- Activity: Extract from the entries below, exactly as given, only the lines from the line containing "adidas VL Court Base Shoes Mens" to the line containing "Unlock key Sony -> 2001 2 pieces", both lines included.

- Data provided:
┌──

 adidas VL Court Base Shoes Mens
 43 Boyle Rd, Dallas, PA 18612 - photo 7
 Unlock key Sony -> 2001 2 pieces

└──
┌──

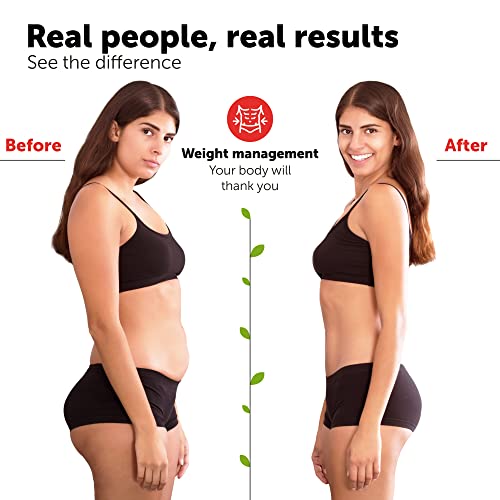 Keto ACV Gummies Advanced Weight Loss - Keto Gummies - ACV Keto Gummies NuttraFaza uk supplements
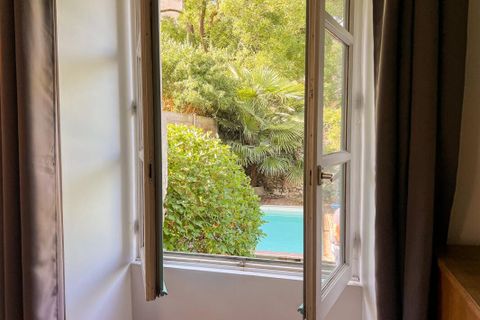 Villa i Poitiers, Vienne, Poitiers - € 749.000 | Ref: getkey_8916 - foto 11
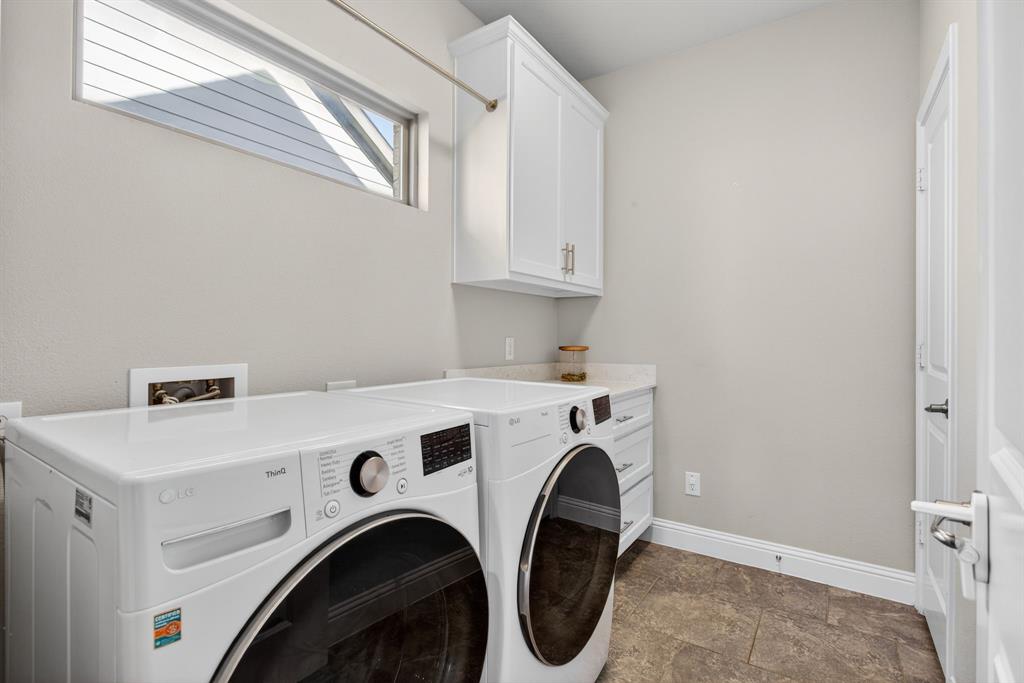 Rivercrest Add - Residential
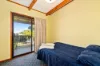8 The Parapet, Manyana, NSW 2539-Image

└──
┌──

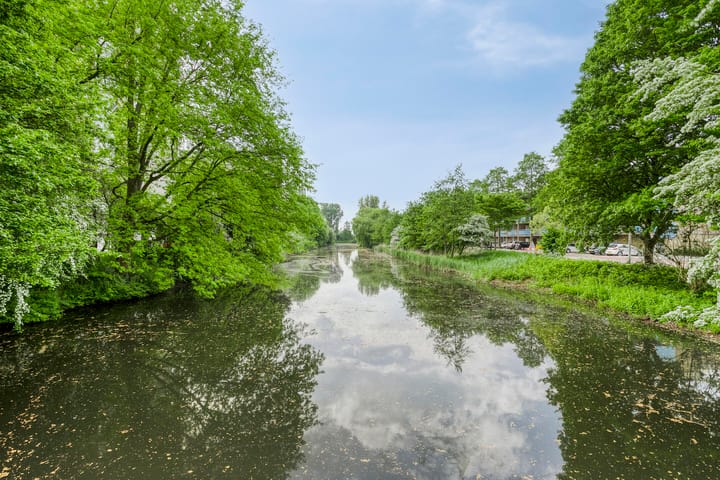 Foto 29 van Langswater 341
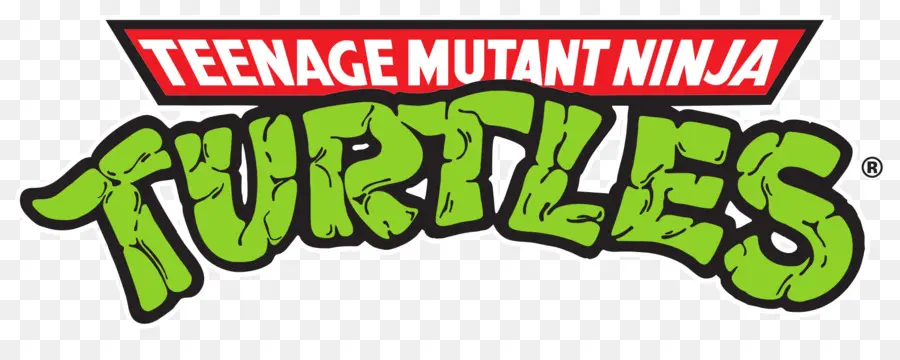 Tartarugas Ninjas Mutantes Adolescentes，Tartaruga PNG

└──

- Response box:
 adidas VL Court Base Shoes Mens
 43 Boyle Rd, Dallas, PA 18612 - photo 7
 Unlock key Sony -> 2001 2 pieces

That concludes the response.